Em Foco 0611
Sem ter onde caminhar, população do Recife fica à margem de mudanças que se processam no mundo para fazer dos espaços públicos grandes aliados da qualidade de vida.

Luce Pereira
Arte sobre foto de Heitor Cunha (Imagem)

Quando se olha atentamente uma calçada do Recife, dois sentimentos mudam de lugar – a vergonha passa a vir em primeiro e o orgulho (pela cidade), em último. Naturalmente, pois o péssimo estado da maioria delas acaba refletindo o nível de importância do cidadão para quem, em tese, deveria zelar pela qualidade de vida de todos – o poder público. Afinal, temos um? Difícil imaginar que sim quando o problema segue desafiando gestores, décadas a fio. Avaliados a partir deste parâmetro, nenhum, até hoje, entraria para a História como “inesquecível”– muito pelo contrário: a falta de cuidado é tamanha que mais justo seria criar um ranking com aqueles que menos se preocuparam. O resultado é que, aos olhos do mundo, não passamos de “metrópole” de terceira categoria, como são as que impedem a população de desfrutar de espaços públicos com qualidade.
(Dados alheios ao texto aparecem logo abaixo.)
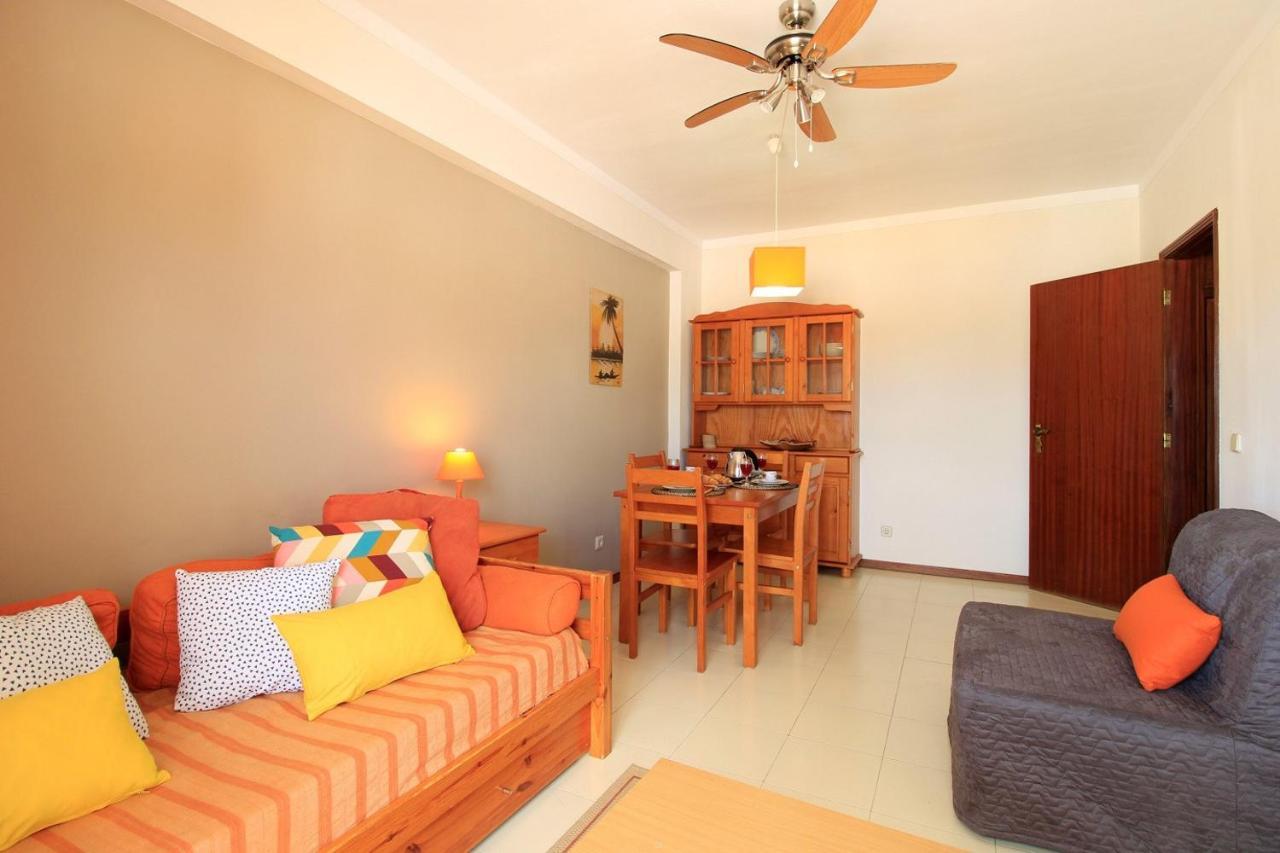 Portimão Classic With Pool by Homing Apartamento Alvor Exterior foto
Tão intrigante quanto a persistência do quadro seria imaginar que gestores, nas muitas circuladas pelo mundo, veem/andam por calçadas bem cuidadas e retornam sem qualquer dúvida sobre o quanto elas refletem a relação de respeito do poder público com os habitantes. No entanto, nenhum argumento se impõe à justificativa de que se trata de “um problema complexo”, mesmo estando evidente o empenho de muitos municípios em combatê-lo. São Paulo, por exemplo, que, além de criar uma associação de pedestres, decidiu trazer para o Seminário Internacional Cidades a pé (25 a 28, Instituto Tomie Othake) especialistas de vários países. A ideia é descobrir formas mais eficientes e rápidas de transformar as ruas em espaços convidativos para caminhadas, o que não se concebe com calçadas destruídas, muitas delas representando ameaça constante à integridade física do usuário.
Áreas públicas decadentes dão a impressão de que a cidade não pertence às pessoas e que se destinam a serem apreciadas das janelas de carros, hoje, no entanto, não mais os mocinhos da história e sim vilões da mobilidade e do meio ambiente. À medida que hábitos mais saudáveis se impuseram como filosofia de vida, nos grandes centros urbanos, eles passaram de solução a problema – o trânsito entrou para a lista dos grandes inimigos da qualidade de vida. Agora a ordem é simplificar transformando as pernas no “transporte” da vez, para o qual, no entanto, apenas governos que enxergam à frente se mostram preparados. Só eles entendem calçadas como o “primeiro degrau da cidadania”, conceito, aliás, defendido em livro por Francisco Cunha, um dos nomes mais conhecidos por estudar o assunto, em Pernambuco.
E elas fazem tanta falta que chegam até a arrancar suspiros de recifenses em viagem a Londres, por exemplo. Sempre retornam maravilhados com o fato de quase 100% das vias públicas, na capital inglesa, apresentarem calçadas acessíveis para cadeirantes. Sobre o grande abismo a separar realidades em países de cima e de baixo do Equador, é preciso dizer que, apesar de todo o esforço de São Paulo, pouco mais de mil dos 35 mil quilômetros de calçadas oferecem acessibilidade. Quanto ao Recife, falta um fórum com força para expor o tamanho do vexame, a necessidade de diminuí-lo e o nível de comprometimento que governo e instituições precisam ter com o objetivo de mudar o quadro atual. É no mínimo constrangedor e funciona, para os habitantes, como um golpe a mais na já combalida auto-estima.